Clearing Up /Cloud Computing
BYLINE: Alex Pham
Los Angeles: Google made waves in the tech world last week when it announced plans to release an operating system called Google Chrome OS that would encourage wider use of something called cloud computing.
Although most have never heard of cloud computing, many do it every day. By uploading photos to Facebook, sending messages via gmail or playing Club Penguin online, users are accessing programs and software files that live far away in cavernous, climate-controlled rooms containing thousands of computers.
Andreas Bechtolsheim, 53, co-founder of Sun Microsystems Inc where he still consults, knows a thing or two about cloud computing.
He's chief development officer for Arista Networks, a Silicon Valley start-up in northern California that supplies networking equipment used to build these massive arrays of computer servers.
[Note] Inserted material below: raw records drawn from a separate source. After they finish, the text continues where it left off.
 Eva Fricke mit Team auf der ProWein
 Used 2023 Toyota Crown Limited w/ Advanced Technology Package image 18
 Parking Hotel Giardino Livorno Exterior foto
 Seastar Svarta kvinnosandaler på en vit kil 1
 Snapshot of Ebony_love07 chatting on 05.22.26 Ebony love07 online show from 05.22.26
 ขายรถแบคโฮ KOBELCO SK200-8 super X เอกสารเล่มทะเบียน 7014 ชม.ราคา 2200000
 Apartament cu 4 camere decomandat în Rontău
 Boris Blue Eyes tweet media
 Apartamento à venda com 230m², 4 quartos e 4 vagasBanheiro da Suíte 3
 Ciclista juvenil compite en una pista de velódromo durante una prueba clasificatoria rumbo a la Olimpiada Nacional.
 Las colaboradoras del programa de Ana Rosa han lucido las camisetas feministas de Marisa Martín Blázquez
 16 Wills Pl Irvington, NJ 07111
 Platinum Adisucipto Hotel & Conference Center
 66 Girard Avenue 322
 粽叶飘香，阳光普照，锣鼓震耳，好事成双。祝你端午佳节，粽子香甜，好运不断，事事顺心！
He also was one of the first people to invest in Google in 1998 when the company was just two Stanford University geeks with a laptop. His $100 000 investment in the company, started by Sergey Brin and Larry Page, helped turn the sandal-wearing engineer into a billionaire.
In an interview with the Los Angeles Times, Bechtolsheim helped explain this shift in the way we use computers.
What do you make of the potential for cloud computing, both as a market and a technology?
It is a surprising evolution in the history of computing. Every application can now shift to the Web. You can access any application remotely. IDC has estimated that by 2012 the market for cloud computing infrastructure will grow to $42 billion, up from $16bn in 2008. It's the fastest-growing slice of the spending on information technology.
Right now, it's a small sliver of the overall pie. Most of the spending is for the applications. But it's a growing slice of the pie.
What are some uses of cloud computing?
Hollywood uses high-performance clusters to... render movies. The advantage of the cloud is that it's always running and not idle. They get much better utilisation.